For carcinoma xenograft studies, 5- to 6-week-old female Hsd, athymic nu/nu mice (average weight, 20-22 g), are used. HCT116, HT29, Colo205 colorectal, and A2780 ovarian human carcinoma cell lines are inoculated subcutaneously. Mice bearing a palpable tumor (100-200 mm3) are treated with vehicle or NMS-P937 following doses and schedules starting from the day after randomization. Tumor dimensions are measured regularly with Vernier calipers, and tumor growth inhibition (TGI) is calculated. Toxicity is evaluated on the basis of body weight reduction. For leukemia studies, 5- to 6-week-old female severe combined immunodeficient mice (SCID; average weight, 20-22 g) are used. The AmL cell line HL-60 (5×106 cells) is injected subcutaneously and treatments initiated when tumor size reaches 200 to 250 mm3. Tumor dimensions and TGI are assessed. For disseminated models, 5×106 AmL primary cells (AmL-PS) are injected intravenously and treatments start after 2 days. Mice are monitored daily for clinical signs of disease, and the median survival time is determined for each group.

References:

[1]. Beria I, et al. NMS-P937, a 4,5-dihydro-1H-pyrazolo[4,3-h]quinazoline derivative as potent and selective Polo-like kinase 1 inhibitor. Bioorg Med Chem Lett. 2011 May 15;21(10):2969-74.

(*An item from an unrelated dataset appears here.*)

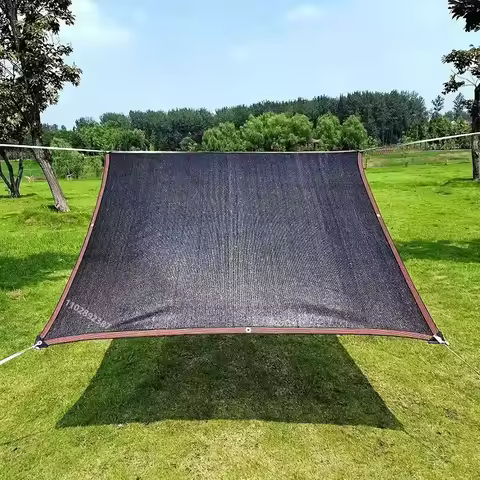 Black Anti-UV HDPE Shade Net Succulent Plant Shade Net Outdoor Swimming Pool Cover Shade Net Shading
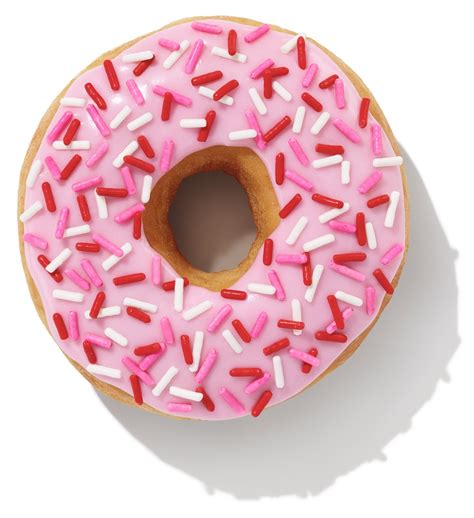 Strawberry Frosted_Valentines Day Sprinkles | Dunkin'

[2]. Valsasina B, et al. NMS-P937, an orally available, specific small-molecule polo-like kinase 1 inhibitor with antitumor activity in solid and hematologic malignancies. Mol Cancer Ther. 2012 Apr;11(4):1006-16.
[3]. Casolaro A, et al. The Polo-Like Kinase 1 (PLK1) inhibitor NMS-P937 is effective in a new model of disseminated primary CD56+ acute monoblastic leukaemia. PLoS One. 2013;8(3):e58424.